_Problem_. Once you find the line with "Round white surface-mounted" in the entries below, print it and each line after it up to and including the line with "Playera Harmony Style", exactly, without pictures.

The records below:

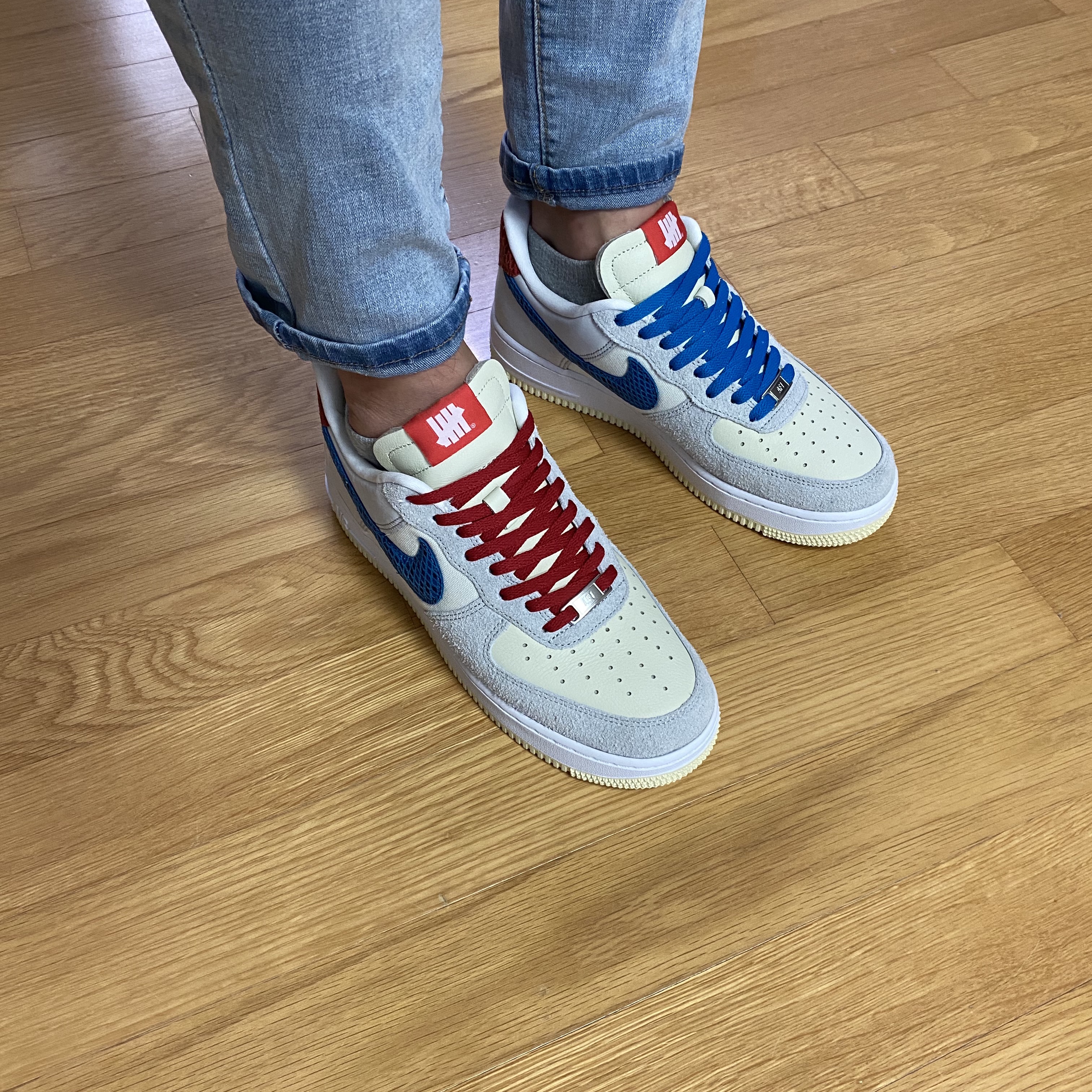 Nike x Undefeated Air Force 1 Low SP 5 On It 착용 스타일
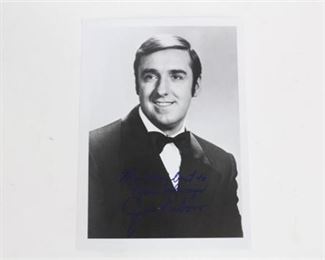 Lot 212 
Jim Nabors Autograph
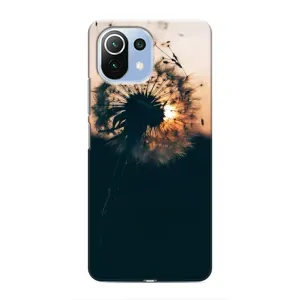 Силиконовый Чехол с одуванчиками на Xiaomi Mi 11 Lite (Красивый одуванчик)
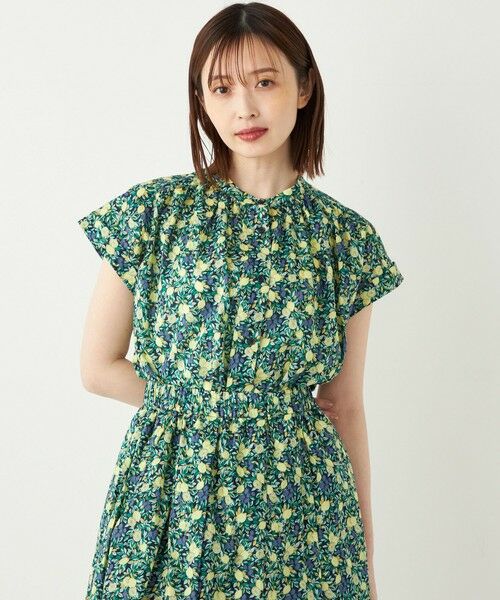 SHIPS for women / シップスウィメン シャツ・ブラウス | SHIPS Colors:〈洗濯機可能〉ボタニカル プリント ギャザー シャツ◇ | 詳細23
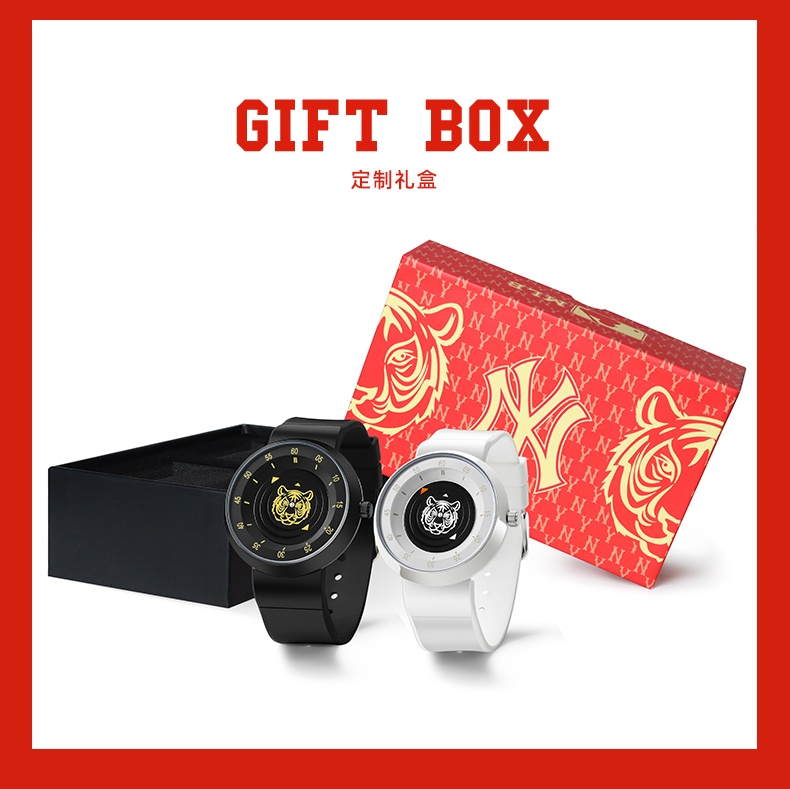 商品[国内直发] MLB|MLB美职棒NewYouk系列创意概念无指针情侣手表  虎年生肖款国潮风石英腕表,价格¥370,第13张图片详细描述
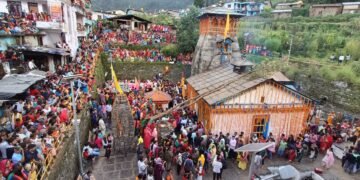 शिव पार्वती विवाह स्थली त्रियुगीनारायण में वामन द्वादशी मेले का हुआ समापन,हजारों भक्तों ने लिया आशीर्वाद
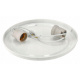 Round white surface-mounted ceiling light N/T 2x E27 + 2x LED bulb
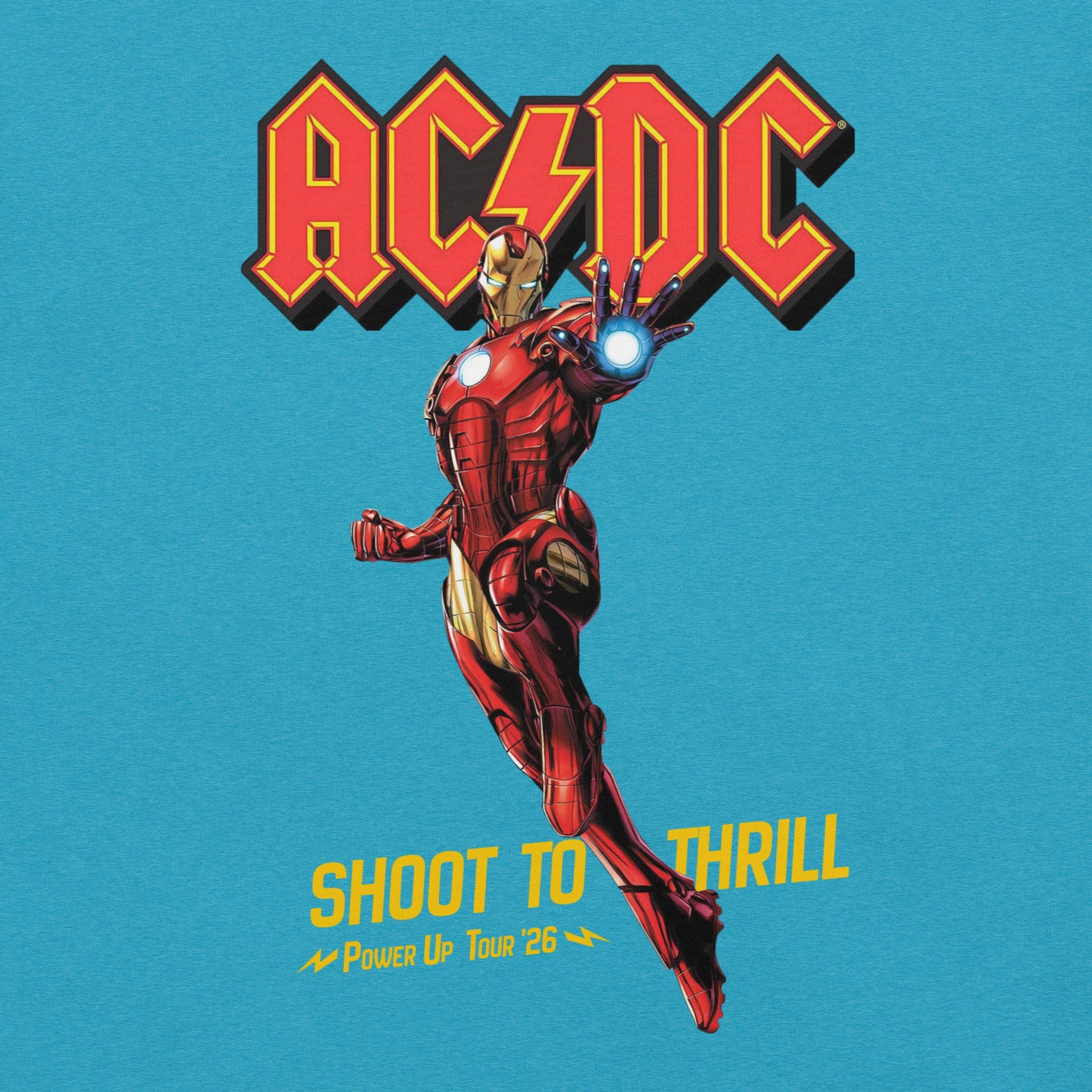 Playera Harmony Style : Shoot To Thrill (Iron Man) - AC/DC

End of The records.
The records below:

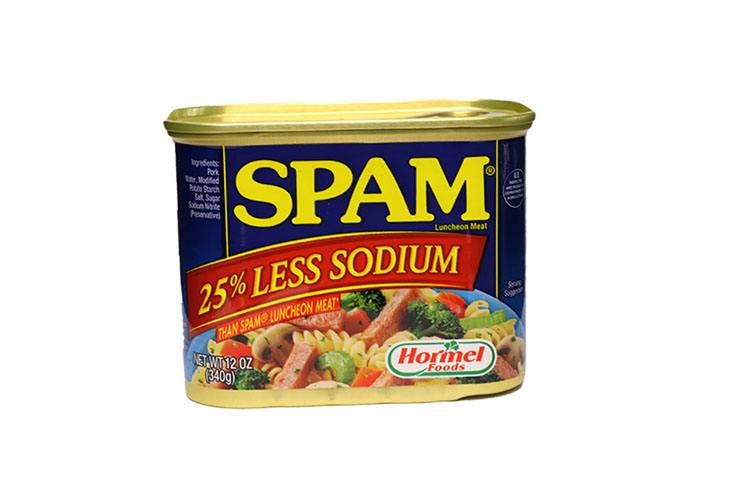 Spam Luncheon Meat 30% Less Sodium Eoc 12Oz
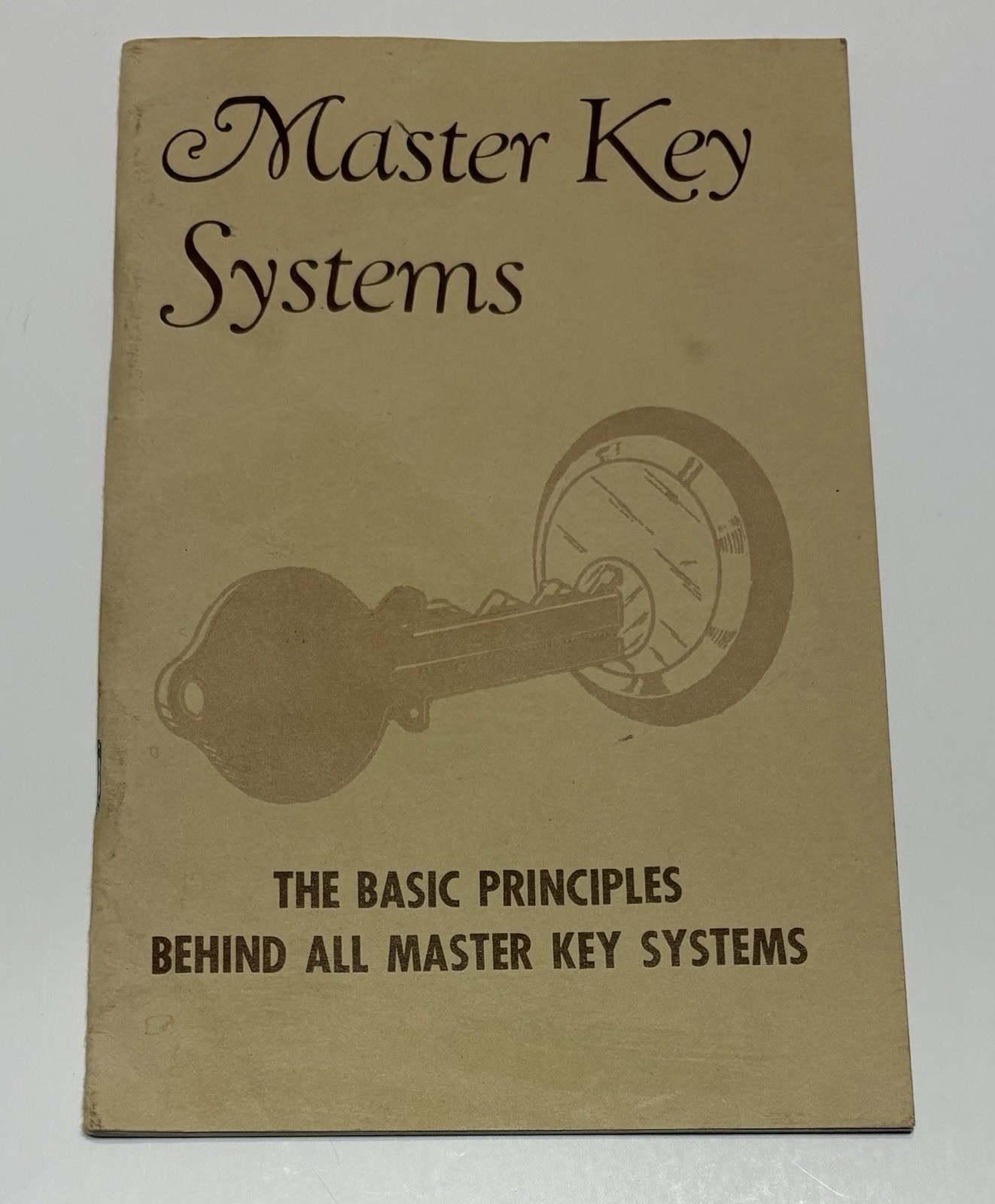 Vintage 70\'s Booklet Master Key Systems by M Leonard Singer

End of The records.

_Answer for this exercise_.
 Round white surface-mounted ceiling light N/T 2x E27 + 2x LED bulb
 Playera Harmony Style : Shoot To Thrill (Iron Man) - AC/DC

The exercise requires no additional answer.